Sullivan contacted the civilian defense contractor who fired Sodais in 2016 to ask what happened since he had found his work exemplary, but she refused to help him or provide an explanation. The paperwork she signed stated only that he was being released due to “incompatible skill set with the unit’s mission.”

She also would not answer questions about whether she remembered Sodais or had a security concern when contacted by The Associated Press.

Sodais said she falsely accused him of checking his personal Facebook page on the job.

Sodais fell into a deep depression after two years of waiting for a decision by the German courts. The fear of being deported was overwhelming, and he suffered headaches, back aches and other ailments from injuries from the IED blast.

In March of 2020, he tried to end his life, overdosing on pain medication. He spent nearly two months in a psychiatric ward after being diagnosed with post-traumatic stress disorder.

When he got out, he messaged Sullivan.

“I’m alive right now because of Spencer, because of him,” Sodais said later.

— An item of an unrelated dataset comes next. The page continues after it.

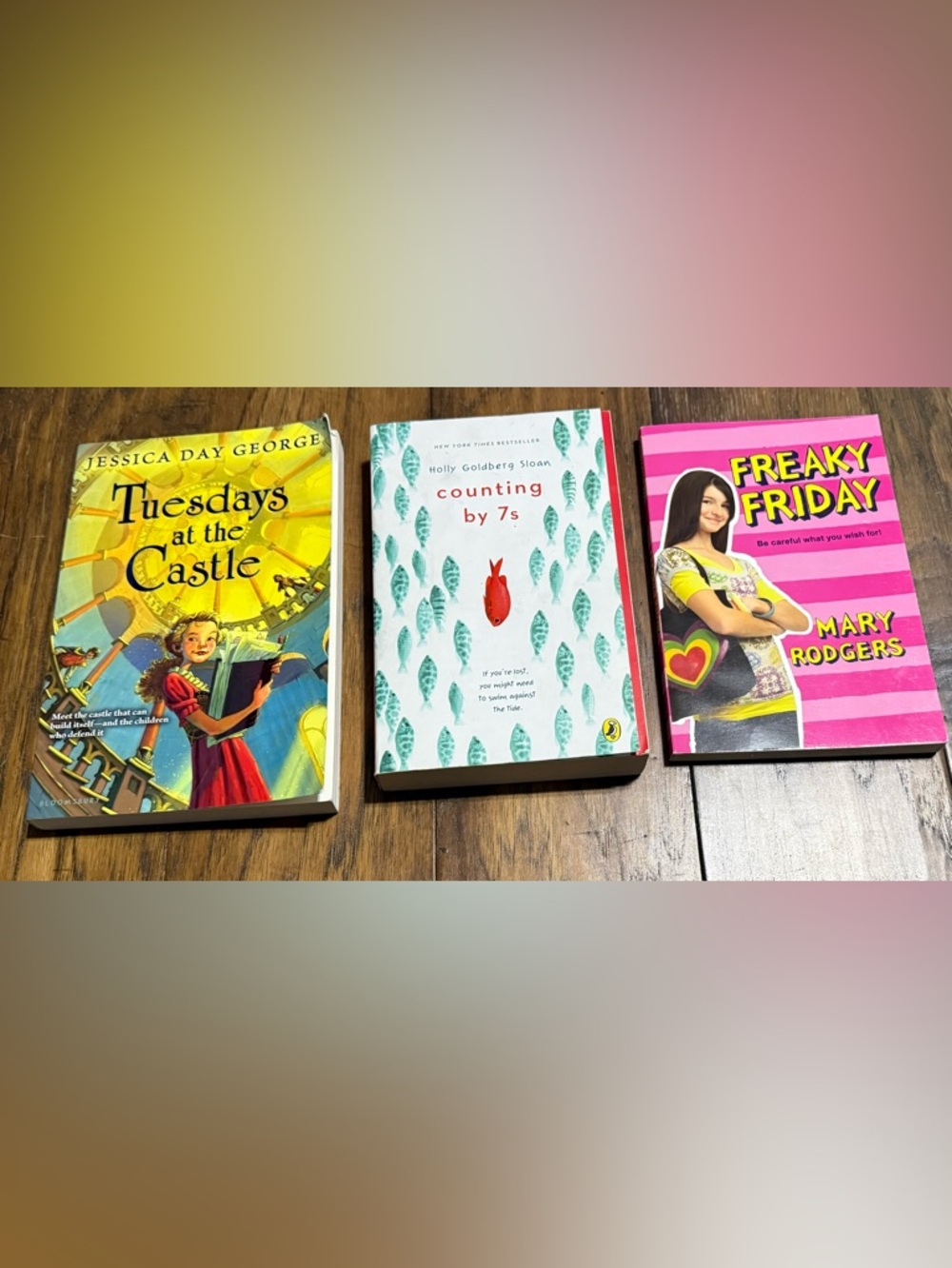 Bundle of 3 Kid’s Chapter Books, for Ages 10+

Sullivan said he’s just keeping the promise he made on the battlefield. He is helping Sodais write a book to shed light on the experience of Afghan refugees.

For now, Sodais is safe. On Aug. 11, Germany temporarily halted the deportation of all Afghans due to the upheaval but did not specify how long the order would last.

“Germany is filling our moral void," Sullivan said of the U.S. government's failure to help.

But Sodais worries his luck will run out once deportations resume.

“Really sometimes, it’s really hard for me to fight against this life,” he said on a Zoom call with Sullivan as he rattled off his fears over what’s happening in Afghanistan, his guilt over not being able to save his family there, and his anxiety over whether he will ever have a future.

And how will he ever get to the United States, where he wants to live? he asks.

Sullivan interrupts, stopping his downward spiral, and reminds him to stay focused on the Sept. 6 asylum hearing.

“Step one is we keep you alive,” he said. “We get you asylum in Germany and everything else will follow.”

Sullivan had to stay focused, too. Sodais was the one U.S. ally he felt he could possibly save. Days later, he would get an email from Masoud's brother, who worked for a U.S. military base, pleading for help. He included photos of his mother and uncle who were recently killed.

Sullivan knew there was little he could do since they had never worked together.

At the suit store in Bremen, on Sullivan's second visit, Sodais exited the dressing room in a black suit.

“Nice! Do a spin,” Sullivan joked, twirling his finger and patting his friend on back as they look in mirror. “You’re looking sharp.”

Sodais chuckled.

It is a moment of lightness after talking about what they’ve been through and what’s to come.

Before Sullivan leaves, Sodais breaks down, and Sullivan embraces him as he sobs.

“It’s OK,” Sullivan says. “You’re going to make it.”